In regard to switches:

If by ‘passing through’ you’re referring to case fallthrough,
allowing cases to fall through is actually heavily frowned upon and a lot of languages don’t allow it because of the problems it can cause.

C# requires the break; and gives a compiler error if you don’t have it.
Functional languages use something called pattern matching that behaves similarly but has more uses than just a direct comparison.

Fallthrough is enough of a problem that most compilers warn you if you try to do it and C++17 introduced a new attribute (the [[fallthrough]] attribute @filmote mentioned) to make it more obvious when fallthrough is intentional.

Realistically break; ought to be the default behaviour and there ought to be an optional fallthrough; statement, but it’s too late to change it now.
(And once again, this is something C++ inherited from C, so I blame C. :P)

Part of the original intent of switch statements is that they could be optimised as jump tables (as @Prototype mentioned), which are much faster and more efficient than a chain of comparisons.
However, this isn’t always possible and isn’t always done.
(I’m under the impression that GCC compiling for AVR won’t actually generate jump tables, but only based on anecdotal evidence.)

Sometimes it will compile to a lookup table instead.
I.e. if the variable being tested is an integer or an enumeration and all the values in the case labels are sequential then the compiler may decide to create an array and use an array index instead.

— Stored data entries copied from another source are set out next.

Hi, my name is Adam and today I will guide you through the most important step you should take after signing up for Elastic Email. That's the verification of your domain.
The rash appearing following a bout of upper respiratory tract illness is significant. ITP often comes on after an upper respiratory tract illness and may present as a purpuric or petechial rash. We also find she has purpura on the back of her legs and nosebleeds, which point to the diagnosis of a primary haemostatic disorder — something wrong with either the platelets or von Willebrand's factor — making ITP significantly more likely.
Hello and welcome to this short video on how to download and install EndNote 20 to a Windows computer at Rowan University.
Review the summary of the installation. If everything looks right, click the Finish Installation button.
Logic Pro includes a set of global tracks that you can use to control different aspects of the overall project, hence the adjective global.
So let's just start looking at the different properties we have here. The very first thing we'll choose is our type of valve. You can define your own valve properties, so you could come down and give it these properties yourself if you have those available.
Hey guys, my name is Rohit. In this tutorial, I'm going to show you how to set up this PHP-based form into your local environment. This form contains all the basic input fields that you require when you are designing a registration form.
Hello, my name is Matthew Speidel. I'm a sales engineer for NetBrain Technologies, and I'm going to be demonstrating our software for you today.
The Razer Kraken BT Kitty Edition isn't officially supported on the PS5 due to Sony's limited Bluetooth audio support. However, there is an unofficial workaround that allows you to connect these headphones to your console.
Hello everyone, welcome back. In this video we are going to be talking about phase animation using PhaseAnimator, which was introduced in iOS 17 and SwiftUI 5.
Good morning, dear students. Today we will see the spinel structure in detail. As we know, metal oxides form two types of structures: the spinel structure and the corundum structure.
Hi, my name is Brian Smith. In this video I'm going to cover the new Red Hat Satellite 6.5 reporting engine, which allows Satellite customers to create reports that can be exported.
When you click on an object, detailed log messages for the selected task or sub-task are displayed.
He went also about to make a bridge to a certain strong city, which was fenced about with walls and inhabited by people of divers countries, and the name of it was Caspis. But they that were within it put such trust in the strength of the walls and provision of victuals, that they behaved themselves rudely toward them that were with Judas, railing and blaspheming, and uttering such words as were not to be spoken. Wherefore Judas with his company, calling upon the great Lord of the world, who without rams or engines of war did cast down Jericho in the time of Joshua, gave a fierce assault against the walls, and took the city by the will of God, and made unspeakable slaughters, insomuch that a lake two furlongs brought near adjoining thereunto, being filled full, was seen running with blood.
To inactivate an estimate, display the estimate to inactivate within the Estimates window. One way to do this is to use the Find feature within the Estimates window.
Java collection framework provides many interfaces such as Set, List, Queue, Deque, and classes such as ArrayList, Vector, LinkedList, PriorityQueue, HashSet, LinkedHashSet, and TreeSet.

Of course that’s something the programmer could do manually as well, and sometimes the programmer can do a better job of it, but sometimes it’s easier to let the compiler decide when to do that.

I’m almost certain that GCC compiling for AVR will generate these because I’ve manually replaced switches with lookup tables when trying to save memory and found that the memory usage didn’t change, implying that the compiler had already done so.

Even when no optimisations are possible, switch statements are typically much easier to read than a long chain of if statements.
With a chain of if statements it’s easy to be caught out when one of the tests suddenly isn’t an equality test.
With a switch the rules are easier to understand.

To be technical, it’s more of a declarative construct than a procedural construct.


I won’t say I never use nested ifs,
but I agree that breaking early using an inversed condition often results in more readable code,
and it’s something I try to do when I can.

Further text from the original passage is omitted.